# Work order
Repeat every record below exactly, leaving out the pictures.

# Given entries
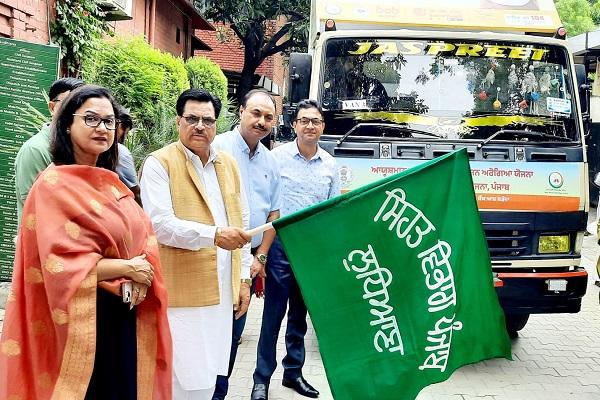 A van was dispatched to create awareness about the Chief Minister Health Insurance Scheme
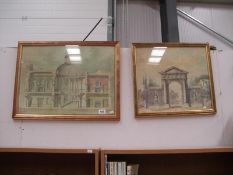 Two framed and glazed architectural prints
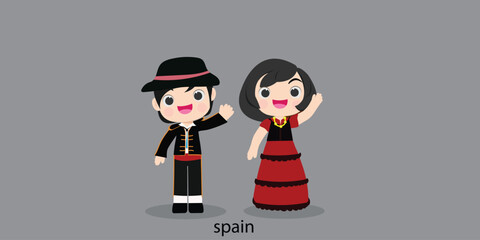 Spanish in national dress with a flag. Man and woman boy in traditional costume. Travel to Spain. People.illustrationa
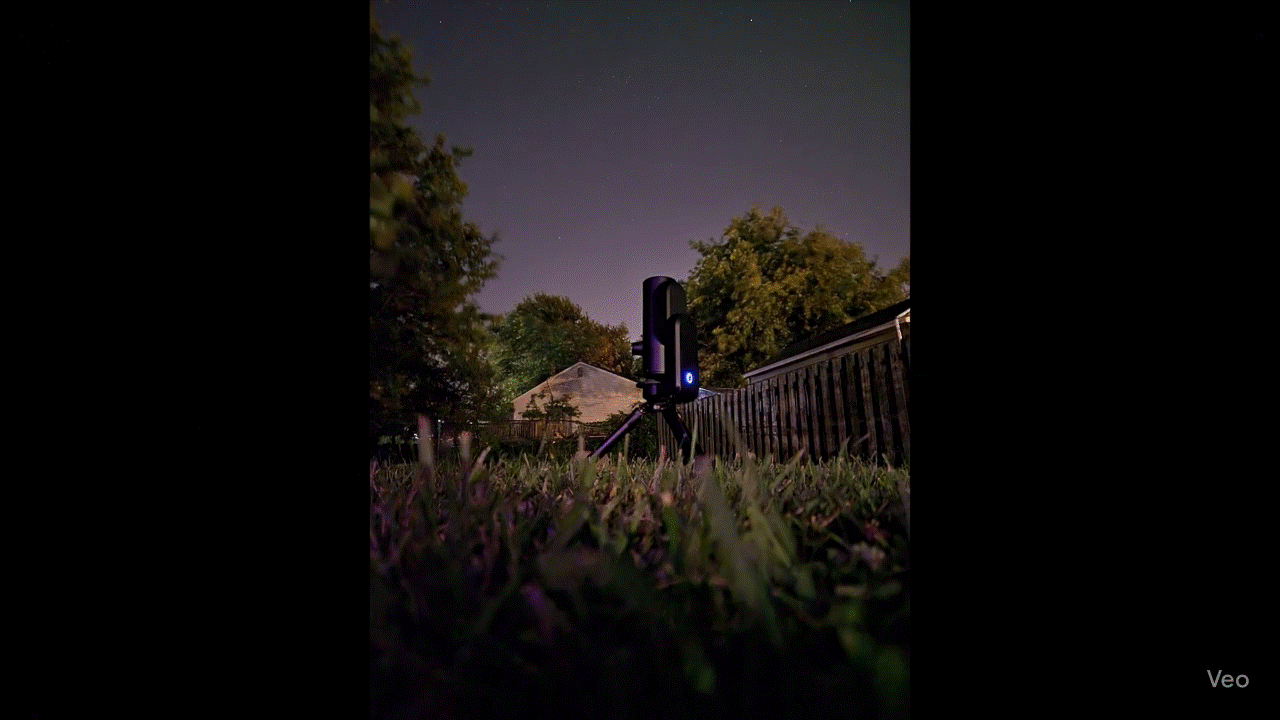 Veo 3used to generate telescope with auroras.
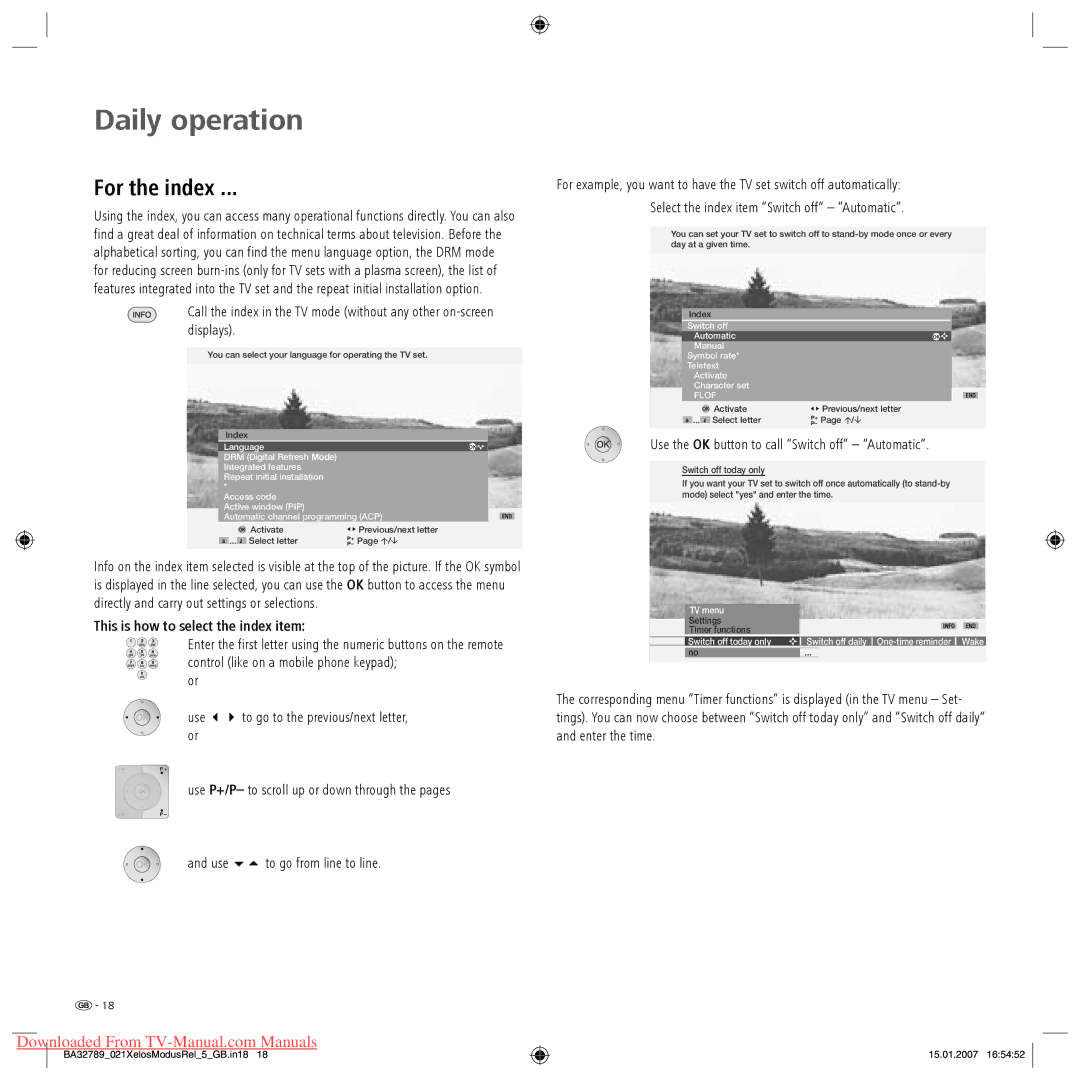 Loewe Xelos A 26 For the index, This is how to select the index item, Use P+/P- to scroll up or down through the pages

# Result
 A van was dispatched to create awareness about the Chief Minister Health Insurance Scheme
 Two framed and glazed architectural prints
 Spanish in national dress with a flag. Man and woman boy in traditional costume. Travel to Spain. People.illustrationa
 Veo 3used to generate telescope with auroras.
 Loewe Xelos A 26 For the index, This is how to select the index item, Use P+/P- to scroll up or down through the pages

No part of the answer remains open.